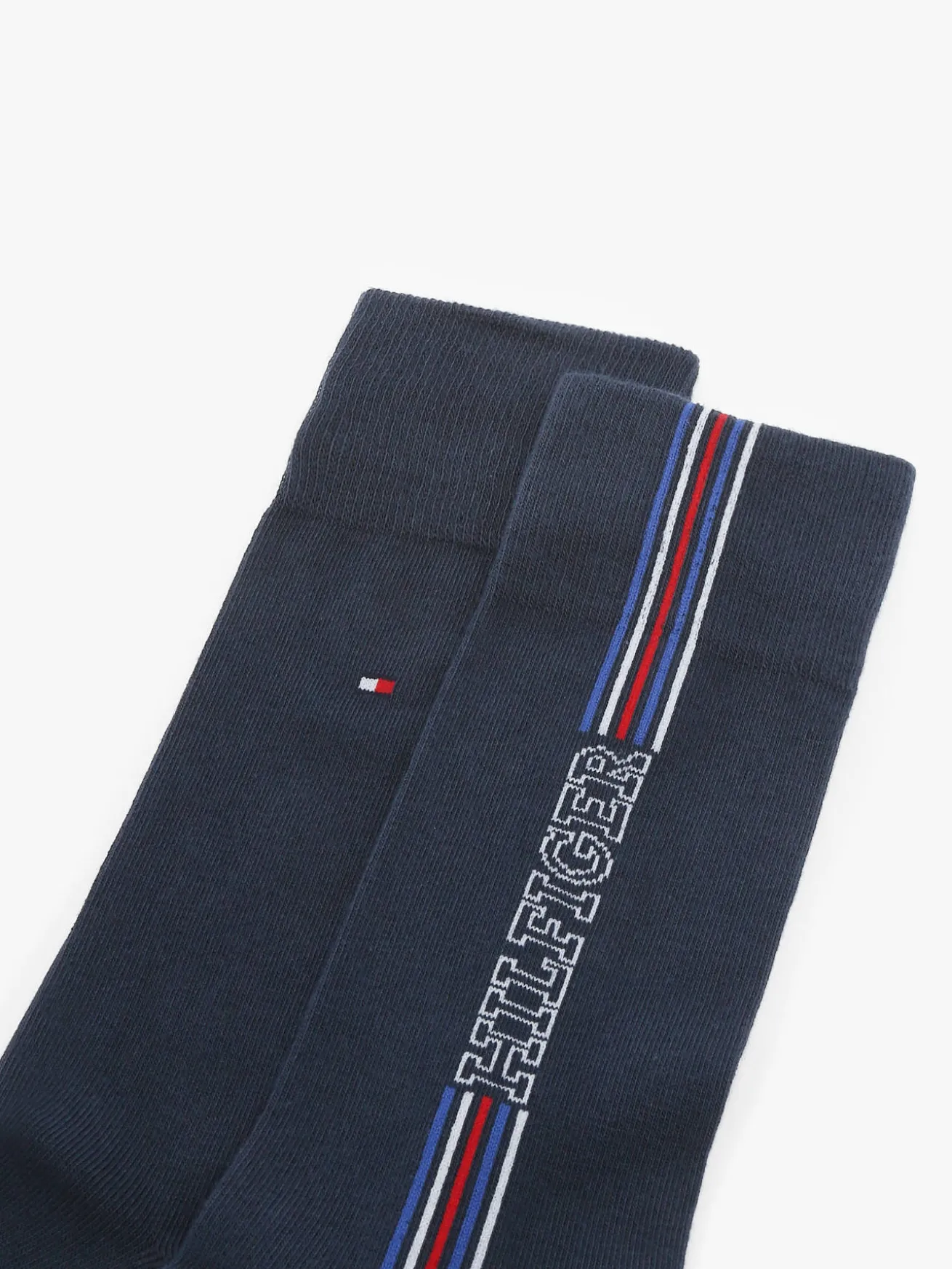 Chaussettes TOMMY HILFIGER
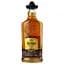 Текила Sierra Antiguo Anejo 100% Agave, 40%, 0,7 л - миниатюра 1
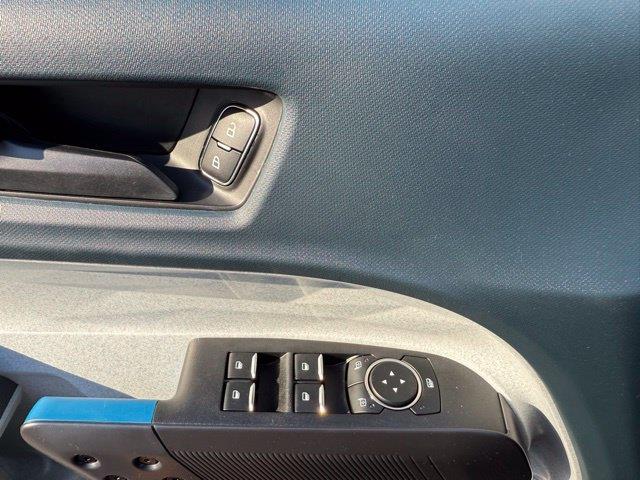 2026 Ford Maverick - $31,888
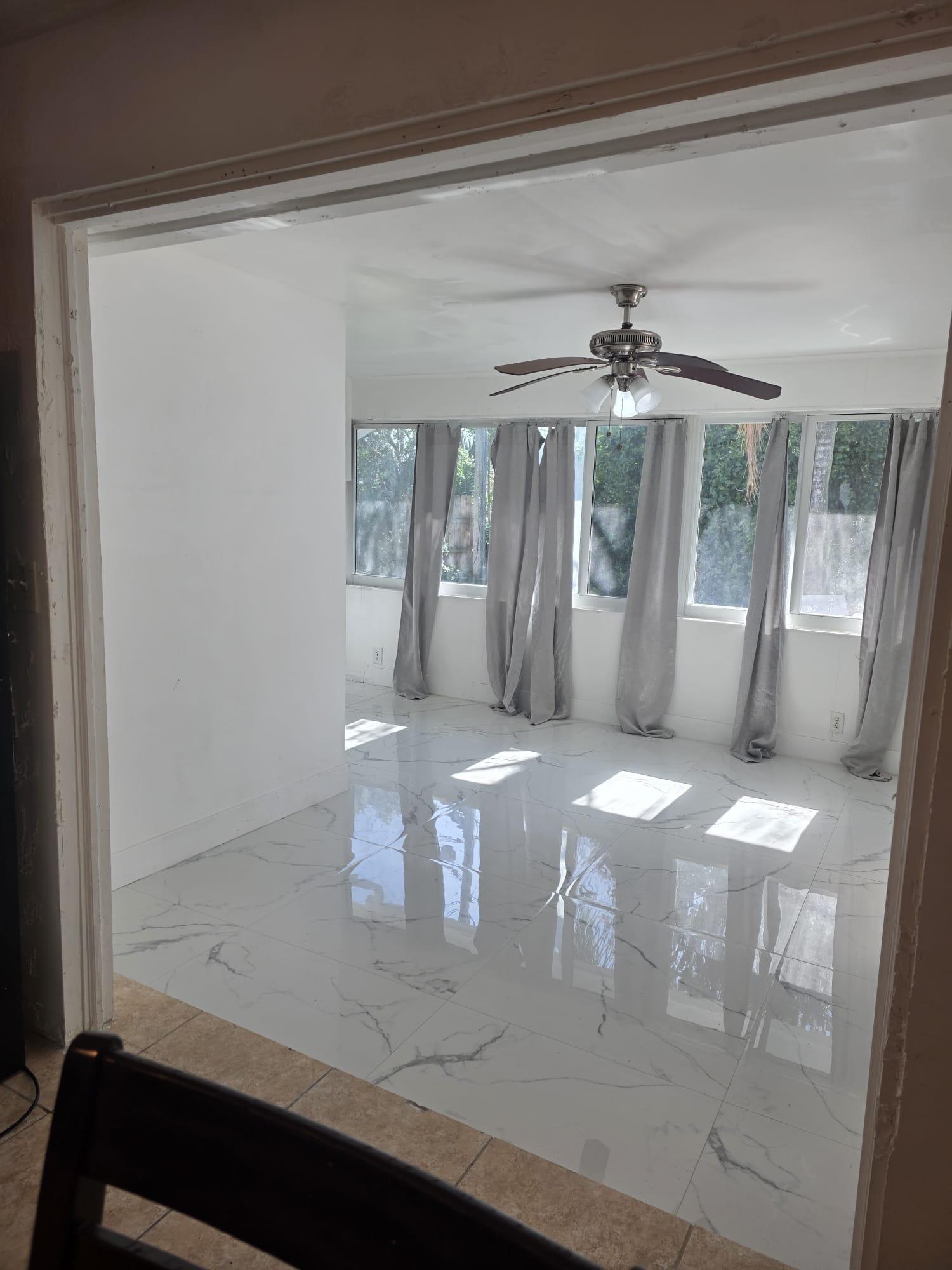 MODEL LAND CO - Residential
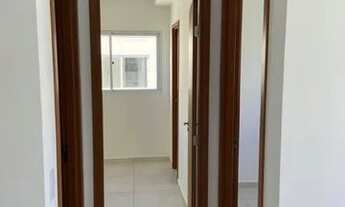 Imagem 3: Alameda do Frio condomínio clube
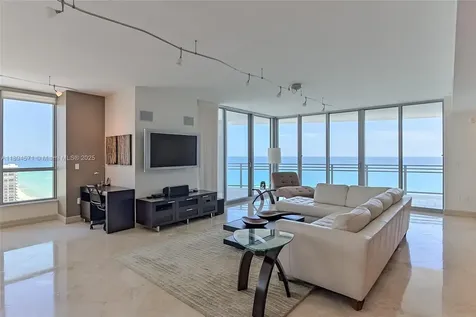 3535 S Ocean Drive Hollywood FL 33019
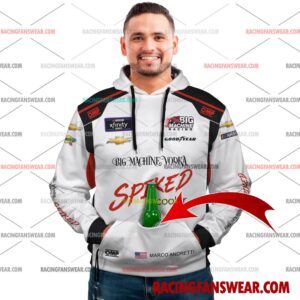 Marco Andretti Nascar Racing 2022 Uniform Apparel Clothes Sweatshirt Zip Pop Top Hoodie T-Shirt Long Pant 3 Nascar store - Loyal fans of Marco Andretti's Unisex Hoodie,Unisex Pop Top Hoodie,Unisex Zip Hoodie,Unisex T-Shirt,Unisex Sweatshirt,Unisex Long Pants,Kid Hoodie,Kid Zip Hoodie,Kid T-Shirt,Kid Sweatshirt,Kid Long Pants:vintage nascar racing suit,uniform,apparel,shirts,merch,merchandise,jersey,hoodie,jackets,shorts,sweatshirt,outfits,clothes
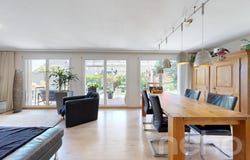 Dietlikon, Dietlikon, Zürich (canton) 8305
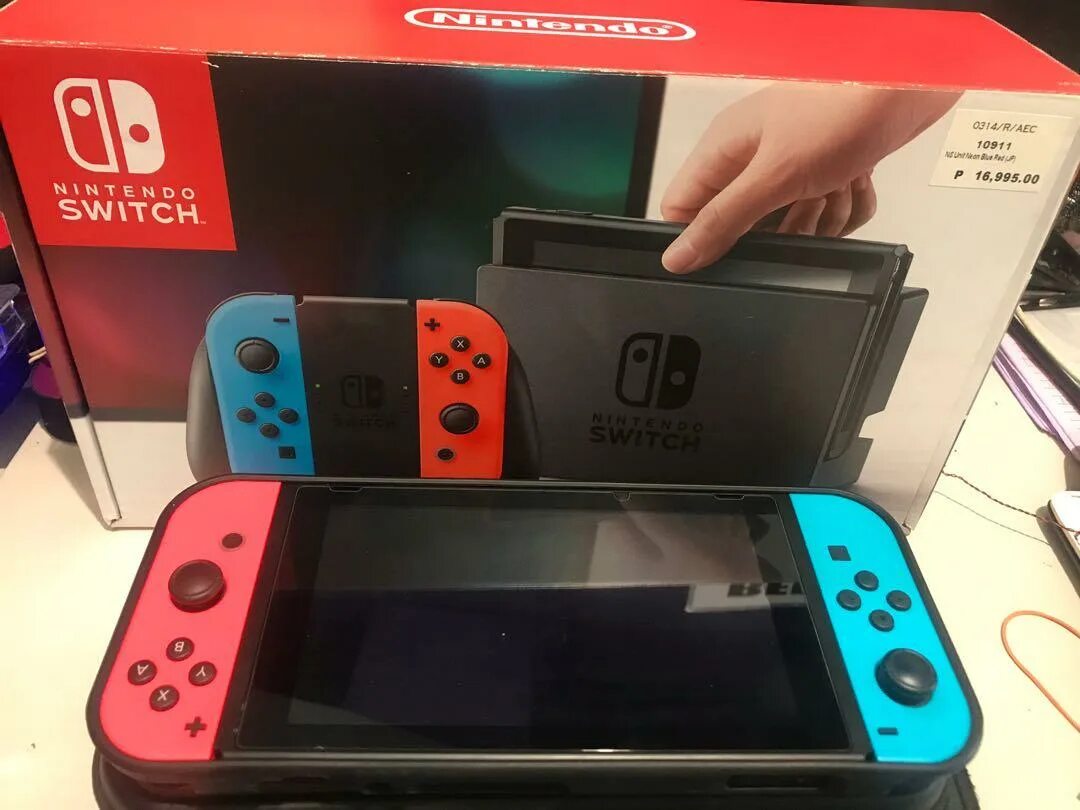 Nintendo Switch v1. Nintendo Switch 1. Первая Нинтендо свитч. Nintendo Switch STL. Nintendo switch v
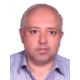 دکتر محمدرضا ارجمندی فر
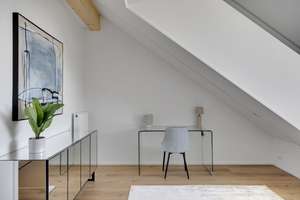 Ankommen & Wohlfühlen - Miete dein nächstes Zuhause – Von-Stephan-Straße 120, 52428 Jülich – Vorschaubild 15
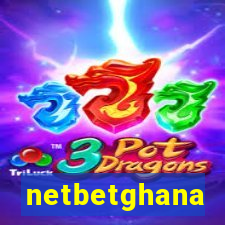 netbetghana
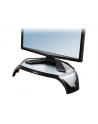 PODSTAWA POD MONITOR LCD/TFT FELLOWES SMART SUITES - nr 34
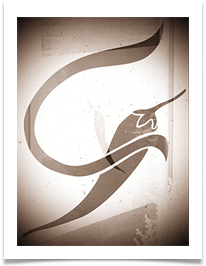 Thai - Carol Sparkes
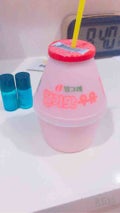 あや🍑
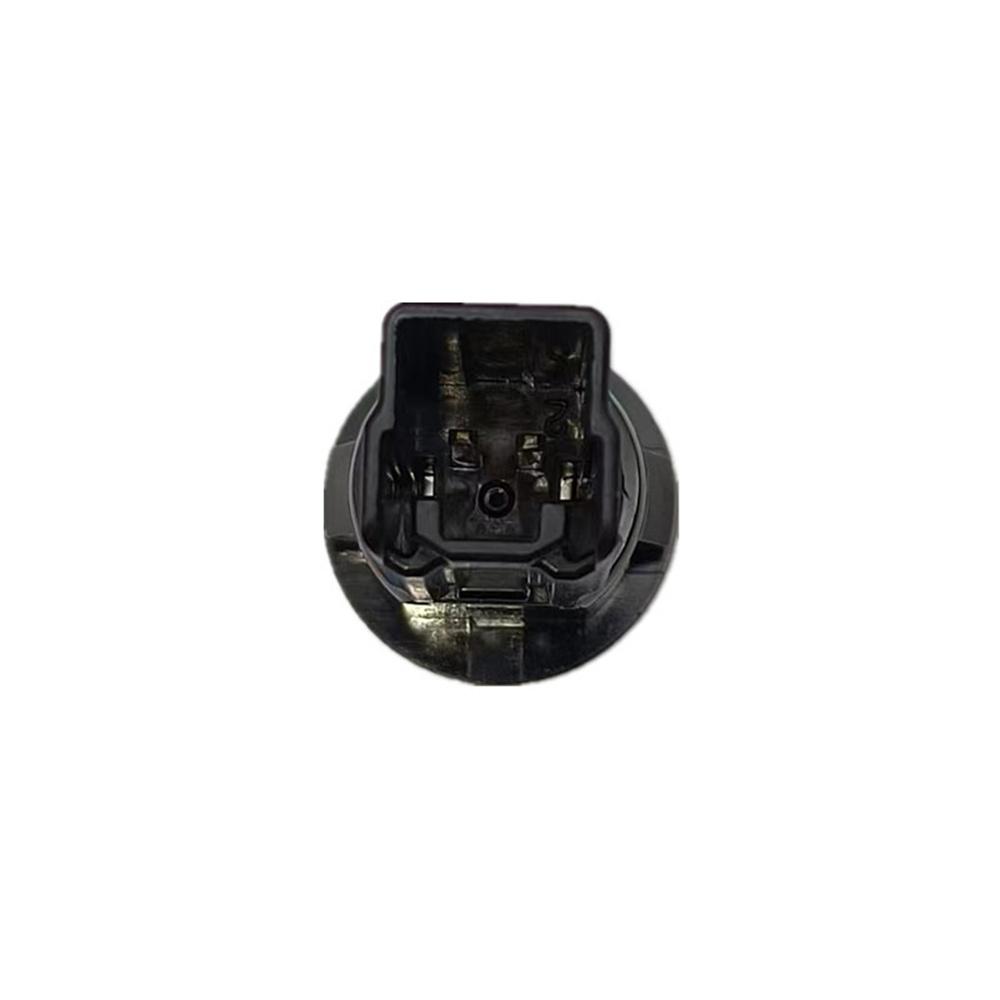 Sun Temperature Sensor For Mazda 3 5 Cx-7 Mx-5 Gj6E-61-751B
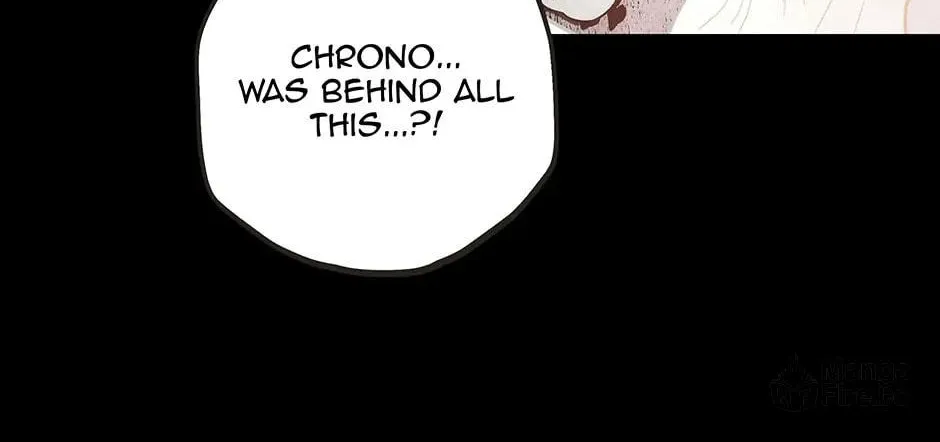 Read Wizard Number Zero chapter 68 image 83 on Lezhin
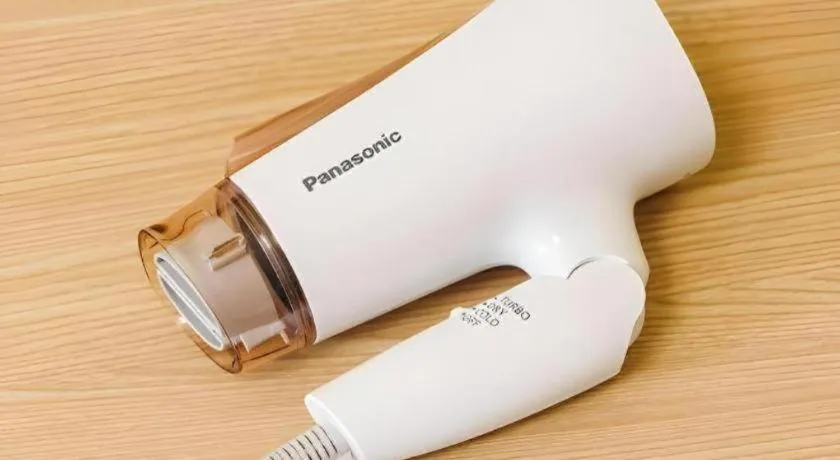 Hotel Dream Gate Maihama Annex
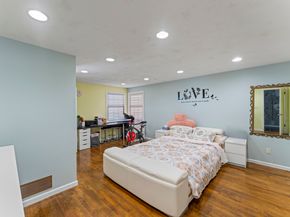 125 Buck Hill Road, Easton CT 06612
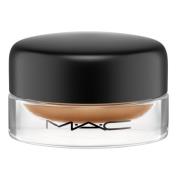 MAC Cosmetics Pro Longwear Paint Pot Contemplative State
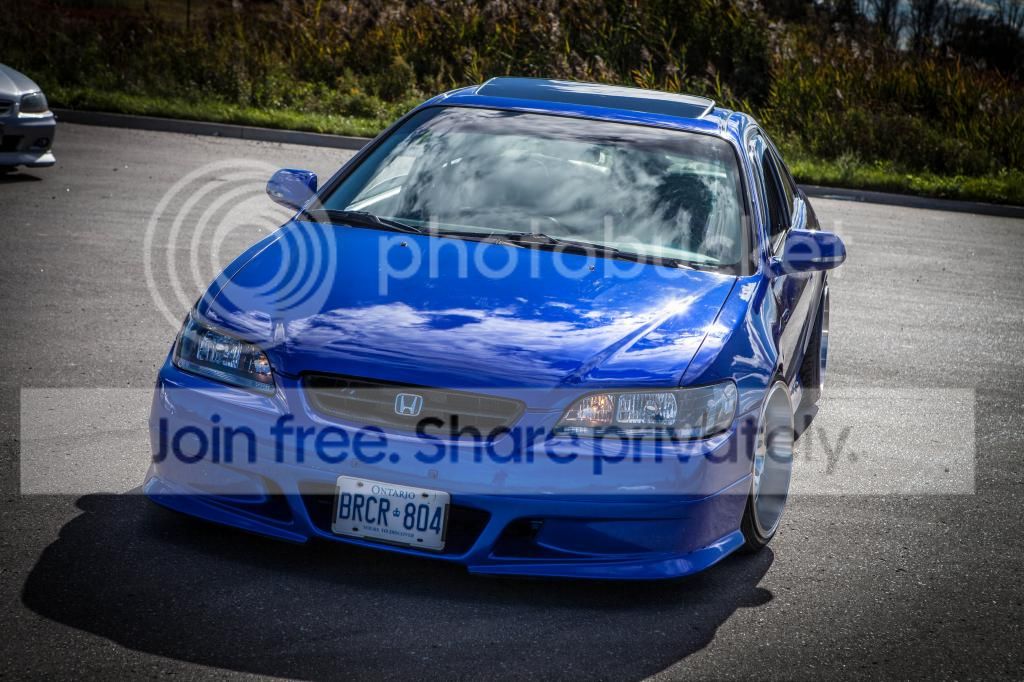 IMG_2699_zps4fc59d38.jpg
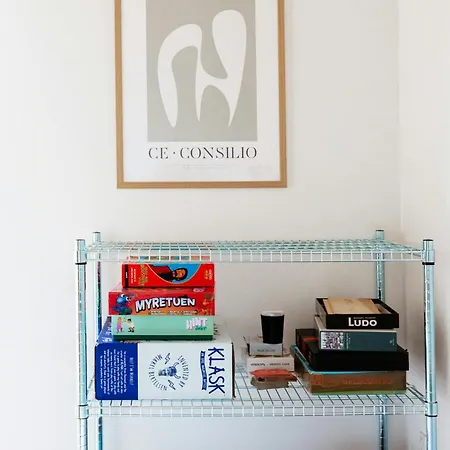 Newly Built Summer House With Sea View *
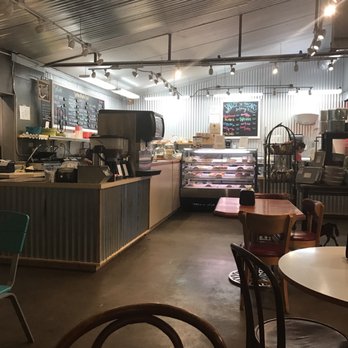 Valley Pecans - The cafe - Imported Food Near Me - Chillicothe, Texas Valley Pecans - The cafe - Imported Food Near Me - Chillicothe, Texas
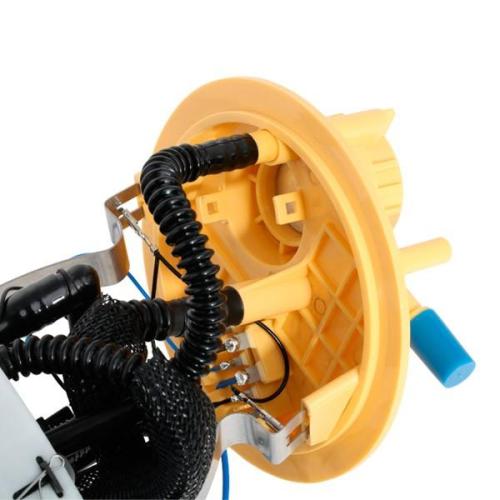 RIDEX 1382F0134 Kraftstoffpumpe Kraftstoff-Fördereinheit Modul mit Tankgeber Bild RIDEX 1382F0134 Kraftstoffpumpe Kraftstoff-Fördereinheit Modul mit Tankgeber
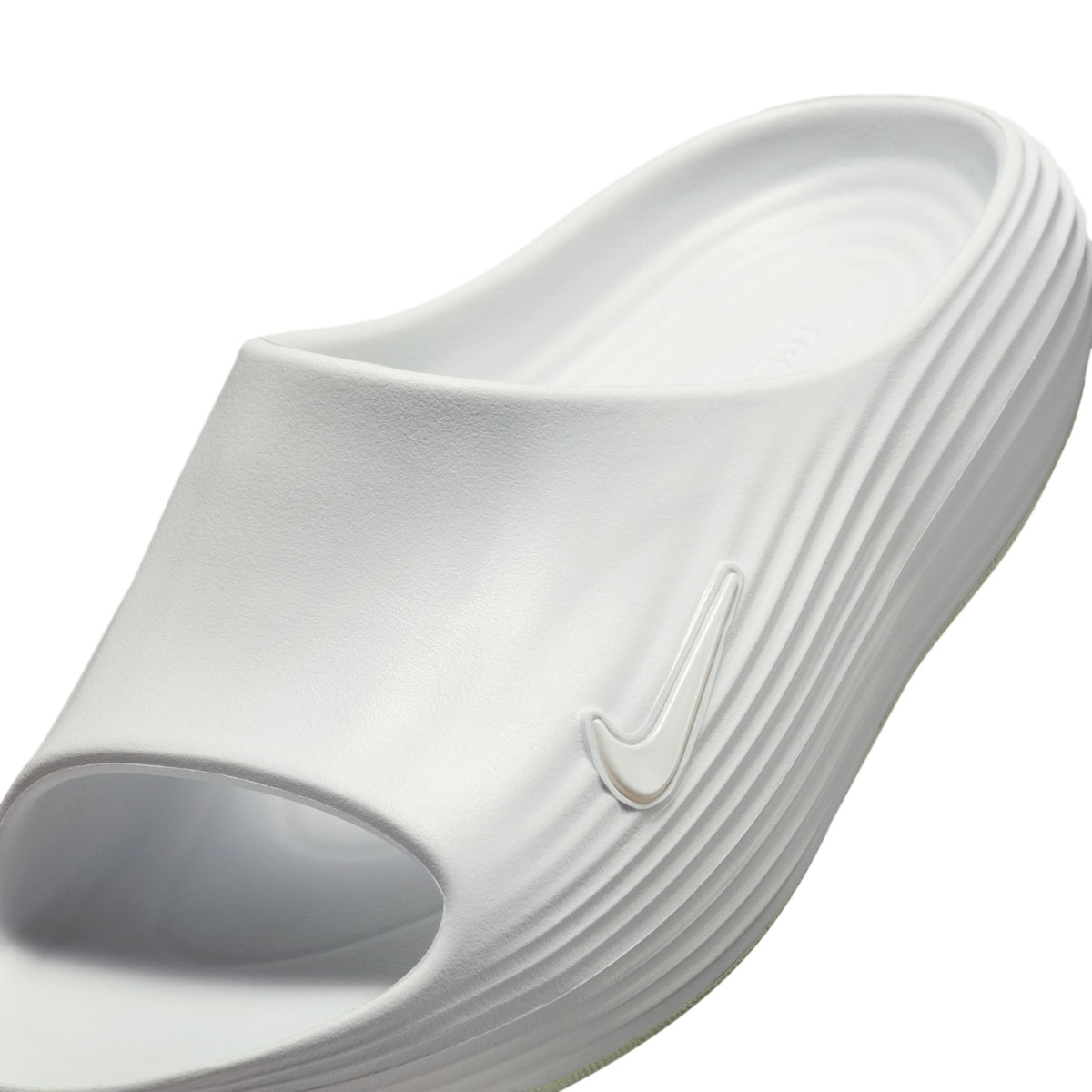 Nike Men's ReactX Rejuven8 Slide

******************************

▶ EXERCISE: Only the text of the material belongs in your copy, which must match the original exactly.

▶ THE COMPLETED TASK:
 Chaussettes TOMMY HILFIGER
 Текила Sierra Antiguo Anejo 100% Agave, 40%, 0,7 л - миниатюра 1
 2026 Ford Maverick - $31,888
 MODEL LAND CO - Residential
 Imagem 3: Alameda do Frio condomínio clube
 3535 S Ocean Drive Hollywood FL 33019
 Marco Andretti Nascar Racing 2022 Uniform Apparel Clothes Sweatshirt Zip Pop Top Hoodie T-Shirt Long Pant 3 Nascar store - Loyal fans of Marco Andretti's Unisex Hoodie,Unisex Pop Top Hoodie,Unisex Zip Hoodie,Unisex T-Shirt,Unisex Sweatshirt,Unisex Long Pants,Kid Hoodie,Kid Zip Hoodie,Kid T-Shirt,Kid Sweatshirt,Kid Long Pants:vintage nascar racing suit,uniform,apparel,shirts,merch,merchandise,jersey,hoodie,jackets,shorts,sweatshirt,outfits,clothes
 Dietlikon, Dietlikon, Zürich (canton) 8305
 Nintendo Switch v1. Nintendo Switch 1. Первая Нинтендо свитч. Nintendo Switch STL. Nintendo switch v
 دکتر محمدرضا ارجمندی فر
 Ankommen & Wohlfühlen - Miete dein nächstes Zuhause – Von-Stephan-Straße 120, 52428 Jülich – Vorschaubild 15
 netbetghana
 PODSTAWA POD MONITOR LCD/TFT FELLOWES SMART SUITES - nr 34
 Thai - Carol Sparkes
 あや🍑
 Sun Temperature Sensor For Mazda 3 5 Cx-7 Mx-5 Gj6E-61-751B
 Read Wizard Number Zero chapter 68 image 83 on Lezhin
 Hotel Dream Gate Maihama Annex
 125 Buck Hill Road, Easton CT 06612
 MAC Cosmetics Pro Longwear Paint Pot Contemplative State
 IMG_2699_zps4fc59d38.jpg
 Newly Built Summer House With Sea View *
 Valley Pecans - The cafe - Imported Food Near Me - Chillicothe, Texas Valley Pecans - The cafe - Imported Food Near Me - Chillicothe, Texas
 RIDEX 1382F0134 Kraftstoffpumpe Kraftstoff-Fördereinheit Modul mit Tankgeber Bild RIDEX 1382F0134 Kraftstoffpumpe Kraftstoff-Fördereinheit Modul mit Tankgeber
 Nike Men's ReactX Rejuven8 Slide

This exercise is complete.